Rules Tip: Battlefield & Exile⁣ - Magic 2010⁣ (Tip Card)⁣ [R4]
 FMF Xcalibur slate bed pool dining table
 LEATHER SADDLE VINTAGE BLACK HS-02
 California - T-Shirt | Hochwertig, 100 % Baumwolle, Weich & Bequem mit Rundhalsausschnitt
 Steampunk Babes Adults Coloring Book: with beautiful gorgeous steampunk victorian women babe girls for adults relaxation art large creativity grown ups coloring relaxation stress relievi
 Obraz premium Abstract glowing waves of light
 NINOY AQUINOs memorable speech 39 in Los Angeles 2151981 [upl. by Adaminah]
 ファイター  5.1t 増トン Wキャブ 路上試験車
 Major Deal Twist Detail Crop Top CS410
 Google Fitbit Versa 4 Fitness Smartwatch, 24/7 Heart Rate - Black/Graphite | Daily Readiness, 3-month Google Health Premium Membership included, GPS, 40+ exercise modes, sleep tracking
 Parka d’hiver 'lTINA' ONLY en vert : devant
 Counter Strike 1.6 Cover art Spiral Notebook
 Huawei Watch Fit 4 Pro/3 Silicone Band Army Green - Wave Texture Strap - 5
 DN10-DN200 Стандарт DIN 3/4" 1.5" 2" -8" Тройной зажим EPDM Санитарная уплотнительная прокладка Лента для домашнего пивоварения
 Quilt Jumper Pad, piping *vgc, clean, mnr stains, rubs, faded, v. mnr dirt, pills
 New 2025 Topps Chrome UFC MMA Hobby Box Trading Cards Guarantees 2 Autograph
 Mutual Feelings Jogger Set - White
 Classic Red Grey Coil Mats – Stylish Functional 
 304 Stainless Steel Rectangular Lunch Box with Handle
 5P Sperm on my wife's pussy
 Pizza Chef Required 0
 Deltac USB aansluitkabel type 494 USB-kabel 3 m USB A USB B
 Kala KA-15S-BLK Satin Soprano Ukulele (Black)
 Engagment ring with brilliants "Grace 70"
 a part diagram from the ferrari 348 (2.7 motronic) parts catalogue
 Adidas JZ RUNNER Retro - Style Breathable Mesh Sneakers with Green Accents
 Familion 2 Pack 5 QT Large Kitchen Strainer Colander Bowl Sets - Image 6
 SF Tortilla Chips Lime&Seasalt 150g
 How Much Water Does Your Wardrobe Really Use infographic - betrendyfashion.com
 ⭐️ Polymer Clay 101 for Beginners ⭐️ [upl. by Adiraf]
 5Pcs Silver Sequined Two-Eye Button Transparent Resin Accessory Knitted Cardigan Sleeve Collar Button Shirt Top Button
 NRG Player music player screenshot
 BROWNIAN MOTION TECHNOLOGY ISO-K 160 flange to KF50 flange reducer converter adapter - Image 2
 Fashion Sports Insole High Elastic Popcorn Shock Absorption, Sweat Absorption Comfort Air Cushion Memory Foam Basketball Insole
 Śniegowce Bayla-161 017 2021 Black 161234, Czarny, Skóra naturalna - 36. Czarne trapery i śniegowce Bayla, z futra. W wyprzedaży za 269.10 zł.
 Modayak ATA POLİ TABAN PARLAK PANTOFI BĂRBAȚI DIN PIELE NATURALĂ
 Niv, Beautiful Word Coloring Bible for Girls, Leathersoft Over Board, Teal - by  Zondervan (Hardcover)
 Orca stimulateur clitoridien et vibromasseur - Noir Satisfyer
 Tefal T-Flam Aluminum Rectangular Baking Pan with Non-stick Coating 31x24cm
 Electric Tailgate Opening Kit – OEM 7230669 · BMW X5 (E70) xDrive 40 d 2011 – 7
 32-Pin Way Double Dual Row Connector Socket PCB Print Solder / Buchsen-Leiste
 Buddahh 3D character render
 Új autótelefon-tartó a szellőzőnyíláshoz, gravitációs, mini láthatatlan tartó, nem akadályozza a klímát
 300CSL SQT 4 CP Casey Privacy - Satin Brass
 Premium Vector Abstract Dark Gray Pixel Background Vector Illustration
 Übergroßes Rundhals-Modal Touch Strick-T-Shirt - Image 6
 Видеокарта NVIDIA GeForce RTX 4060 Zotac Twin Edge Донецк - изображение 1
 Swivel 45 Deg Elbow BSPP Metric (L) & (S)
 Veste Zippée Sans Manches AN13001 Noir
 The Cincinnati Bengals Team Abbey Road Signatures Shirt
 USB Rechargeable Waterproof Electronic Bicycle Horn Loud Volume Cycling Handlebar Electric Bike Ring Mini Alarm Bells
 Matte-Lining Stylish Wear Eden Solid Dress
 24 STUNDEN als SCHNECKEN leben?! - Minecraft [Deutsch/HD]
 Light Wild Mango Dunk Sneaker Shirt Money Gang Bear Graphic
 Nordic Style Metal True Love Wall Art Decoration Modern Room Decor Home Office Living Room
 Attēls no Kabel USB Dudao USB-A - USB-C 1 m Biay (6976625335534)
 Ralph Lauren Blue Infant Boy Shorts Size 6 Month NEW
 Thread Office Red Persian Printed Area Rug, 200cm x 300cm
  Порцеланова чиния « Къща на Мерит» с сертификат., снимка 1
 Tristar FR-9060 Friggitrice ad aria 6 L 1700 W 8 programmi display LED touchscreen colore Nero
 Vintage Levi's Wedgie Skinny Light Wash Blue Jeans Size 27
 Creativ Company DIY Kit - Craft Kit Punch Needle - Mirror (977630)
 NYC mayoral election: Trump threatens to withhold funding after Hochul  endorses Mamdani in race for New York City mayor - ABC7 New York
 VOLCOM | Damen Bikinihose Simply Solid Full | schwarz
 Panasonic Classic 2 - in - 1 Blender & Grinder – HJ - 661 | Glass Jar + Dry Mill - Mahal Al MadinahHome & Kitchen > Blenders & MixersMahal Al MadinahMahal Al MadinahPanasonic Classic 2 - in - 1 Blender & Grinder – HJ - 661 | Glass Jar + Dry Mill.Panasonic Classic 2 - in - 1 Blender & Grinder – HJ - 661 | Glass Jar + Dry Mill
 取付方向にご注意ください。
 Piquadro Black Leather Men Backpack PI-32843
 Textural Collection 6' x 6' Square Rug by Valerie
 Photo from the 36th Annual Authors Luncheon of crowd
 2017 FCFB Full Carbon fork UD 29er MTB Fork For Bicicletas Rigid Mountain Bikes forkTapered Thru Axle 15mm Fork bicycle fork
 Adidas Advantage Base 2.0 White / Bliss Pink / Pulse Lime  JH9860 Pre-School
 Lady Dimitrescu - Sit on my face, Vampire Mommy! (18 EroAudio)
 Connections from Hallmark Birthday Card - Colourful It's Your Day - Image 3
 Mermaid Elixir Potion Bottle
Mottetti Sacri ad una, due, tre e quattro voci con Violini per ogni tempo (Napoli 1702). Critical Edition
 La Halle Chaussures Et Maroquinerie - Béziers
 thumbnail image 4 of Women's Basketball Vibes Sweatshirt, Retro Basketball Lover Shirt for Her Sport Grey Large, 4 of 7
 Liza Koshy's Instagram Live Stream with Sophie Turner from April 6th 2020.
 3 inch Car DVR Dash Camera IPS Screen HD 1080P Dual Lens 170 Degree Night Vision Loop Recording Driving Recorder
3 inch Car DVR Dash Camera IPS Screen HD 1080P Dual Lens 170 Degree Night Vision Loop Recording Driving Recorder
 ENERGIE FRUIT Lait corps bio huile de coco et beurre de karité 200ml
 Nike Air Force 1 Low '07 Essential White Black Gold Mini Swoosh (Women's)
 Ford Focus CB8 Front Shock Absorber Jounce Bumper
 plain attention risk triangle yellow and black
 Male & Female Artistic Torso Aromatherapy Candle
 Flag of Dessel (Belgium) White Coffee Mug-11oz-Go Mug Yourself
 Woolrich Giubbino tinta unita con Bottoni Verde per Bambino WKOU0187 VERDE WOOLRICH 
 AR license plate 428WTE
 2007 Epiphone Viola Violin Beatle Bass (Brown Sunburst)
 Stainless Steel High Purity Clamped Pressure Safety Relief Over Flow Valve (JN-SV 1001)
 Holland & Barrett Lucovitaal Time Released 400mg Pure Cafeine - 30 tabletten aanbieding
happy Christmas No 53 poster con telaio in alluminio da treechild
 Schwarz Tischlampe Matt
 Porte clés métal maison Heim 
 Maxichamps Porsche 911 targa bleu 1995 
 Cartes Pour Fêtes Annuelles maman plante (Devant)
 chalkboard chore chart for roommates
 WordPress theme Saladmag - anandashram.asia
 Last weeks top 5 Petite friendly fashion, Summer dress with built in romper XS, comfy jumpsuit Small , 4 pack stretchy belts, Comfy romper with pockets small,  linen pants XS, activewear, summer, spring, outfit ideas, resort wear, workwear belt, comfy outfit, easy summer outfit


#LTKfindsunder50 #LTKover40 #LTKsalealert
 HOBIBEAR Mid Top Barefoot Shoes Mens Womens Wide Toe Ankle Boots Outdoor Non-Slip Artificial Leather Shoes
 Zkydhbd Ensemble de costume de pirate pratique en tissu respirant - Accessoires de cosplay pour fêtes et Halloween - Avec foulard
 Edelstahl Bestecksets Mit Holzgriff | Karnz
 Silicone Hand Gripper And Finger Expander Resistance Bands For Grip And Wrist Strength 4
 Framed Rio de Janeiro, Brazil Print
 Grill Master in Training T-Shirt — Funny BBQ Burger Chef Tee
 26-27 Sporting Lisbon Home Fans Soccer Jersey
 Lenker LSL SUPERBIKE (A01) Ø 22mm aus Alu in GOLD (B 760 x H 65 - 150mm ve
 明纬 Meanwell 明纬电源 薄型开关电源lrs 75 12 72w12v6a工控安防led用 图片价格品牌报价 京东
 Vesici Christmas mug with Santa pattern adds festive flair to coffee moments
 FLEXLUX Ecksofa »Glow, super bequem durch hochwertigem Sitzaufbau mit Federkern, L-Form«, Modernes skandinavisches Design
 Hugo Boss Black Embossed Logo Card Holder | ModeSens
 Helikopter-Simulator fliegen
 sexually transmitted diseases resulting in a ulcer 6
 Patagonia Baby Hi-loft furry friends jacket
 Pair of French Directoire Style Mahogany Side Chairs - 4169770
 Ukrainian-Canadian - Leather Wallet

**Goal of the exercise**
Extract from the records above the lines from the one containing "LEATHER SADDLE VINTAGE BLACK HS-02" to the one containing "Steampunk Babes Adults", both lines included, exactly as they appear and with nothing else.

**Answer to this exercise**
 LEATHER SADDLE VINTAGE BLACK HS-02
 California - T-Shirt | Hochwertig, 100 % Baumwolle, Weich & Bequem mit Rundhalsausschnitt
 Steampunk Babes Adults Coloring Book: with beautiful gorgeous steampunk victorian women babe girls for adults relaxation art large creativity grown ups coloring relaxation stress relievi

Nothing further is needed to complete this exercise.